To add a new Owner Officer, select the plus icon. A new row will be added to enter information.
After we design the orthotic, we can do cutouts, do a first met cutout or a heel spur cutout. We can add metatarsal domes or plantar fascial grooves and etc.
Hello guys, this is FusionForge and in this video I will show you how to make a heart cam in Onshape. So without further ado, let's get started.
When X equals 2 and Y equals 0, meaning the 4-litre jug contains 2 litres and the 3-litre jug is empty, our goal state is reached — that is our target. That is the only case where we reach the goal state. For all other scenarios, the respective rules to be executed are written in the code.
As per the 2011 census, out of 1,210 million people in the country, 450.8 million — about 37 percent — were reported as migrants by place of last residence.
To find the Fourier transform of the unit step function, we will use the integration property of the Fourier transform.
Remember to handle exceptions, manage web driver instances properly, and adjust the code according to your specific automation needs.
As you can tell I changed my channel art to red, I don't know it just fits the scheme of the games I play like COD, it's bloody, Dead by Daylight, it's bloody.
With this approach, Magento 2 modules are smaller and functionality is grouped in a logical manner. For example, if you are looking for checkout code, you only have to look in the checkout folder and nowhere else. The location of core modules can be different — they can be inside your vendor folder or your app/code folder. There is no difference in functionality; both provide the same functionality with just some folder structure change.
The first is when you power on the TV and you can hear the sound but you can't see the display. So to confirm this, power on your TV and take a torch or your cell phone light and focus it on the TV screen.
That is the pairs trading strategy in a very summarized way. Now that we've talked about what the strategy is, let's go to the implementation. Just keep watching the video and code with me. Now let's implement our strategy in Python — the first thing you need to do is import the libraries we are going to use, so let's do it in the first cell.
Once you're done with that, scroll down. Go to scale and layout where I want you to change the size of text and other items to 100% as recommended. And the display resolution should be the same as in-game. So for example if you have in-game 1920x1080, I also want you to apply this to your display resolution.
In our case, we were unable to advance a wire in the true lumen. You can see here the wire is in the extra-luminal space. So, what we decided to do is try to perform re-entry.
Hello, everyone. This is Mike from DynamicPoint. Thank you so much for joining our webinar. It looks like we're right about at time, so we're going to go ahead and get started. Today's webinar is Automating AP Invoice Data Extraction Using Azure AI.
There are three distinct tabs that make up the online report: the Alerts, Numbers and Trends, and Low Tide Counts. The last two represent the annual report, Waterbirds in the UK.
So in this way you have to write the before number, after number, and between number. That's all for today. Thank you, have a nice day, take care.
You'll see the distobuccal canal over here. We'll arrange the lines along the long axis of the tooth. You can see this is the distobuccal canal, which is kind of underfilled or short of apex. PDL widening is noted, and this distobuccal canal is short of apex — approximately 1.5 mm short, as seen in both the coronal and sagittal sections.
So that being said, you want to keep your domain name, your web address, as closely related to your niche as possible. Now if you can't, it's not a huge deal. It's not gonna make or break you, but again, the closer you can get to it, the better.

────────────────

> Work instruction
Display each line of the data where "same" occurs.

> Result
With this approach, Magento 2 modules are smaller and functionality is grouped in a logical manner. For example, if you are looking for checkout code, you only have to look in the checkout folder and nowhere else. The location of core modules can be different — they can be inside your vendor folder or your app/code folder. There is no difference in functionality; both provide the same functionality with just some folder structure change.
Once you're done with that, scroll down. Go to scale and layout where I want you to change the size of text and other items to 100% as recommended. And the display resolution should be the same as in-game. So for example if you have in-game 1920x1080, I also want you to apply this to your display resolution.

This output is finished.